Remember the other day when I blogged about MySQL being broken with binary replication?
I was wrong. It might actually be functional (I still haven’t tested) but the problem was more difficult to diagnose than I originally thought.
Here’s what was happening.
The default slave_net_timeout value is 3600 seconds. The network was being congested due to network activity and other variables. This would cause the MySQL slave to block on reads to the master. As far as it was concerned it was zero seconds behind.
A temporary fix is to set slave_net_timeout to a more realistic value (5 seconds).
Which yields a few more bugs in MySQL that should be fixed.
The default value of slave_net_timeout should NOT be 3600 seconds. This is insane. Let’s select a more realistic value please.
Seconds_Behind_Master should include the last master read time. If it’s timing out then Seconds_Behind_Master should include this value.
Tip of the hat to Barry @ WordPress for connecting the dots for me.
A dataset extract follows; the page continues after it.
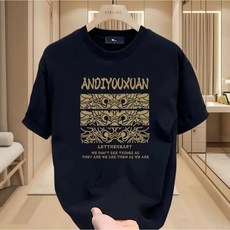 印花純棉大碼短袖T恤，寬鬆休閒上衣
September 26, 2007 at 9:46 pm
This is why our replication check scripts over at FastMail.FM don’t use those values for anything at all, instead:
$ echo “desc ping.PingData” | sql
Field Type Null Key Default Extra
ServerId int(11) NO PRI
ExternalTime int(11) YES NULL
InternalTime timestamp NO CURRENT_TIMESTAMP
Each server runs a job every ‘N’ seconds and INSERT OR UPDATEs their row with the latest system clock time (we use Perl, but anything that can get a unix timestamp is fine) as well as the CURRENT_TIMESTAMP internally.
It then checks that the other one is up-to-date enough as well. We get emailed if it ever gets over 30 seconds, and paged if it gets over 5 minutes.
This is master-master replication (but with one end getting all the updates in the general case) with an offsite replica also watching these (not updating the ping table obviously) and shutting down its local copy of postfix (backup MX) if it gets more than 20 minutes behind by the ping table values.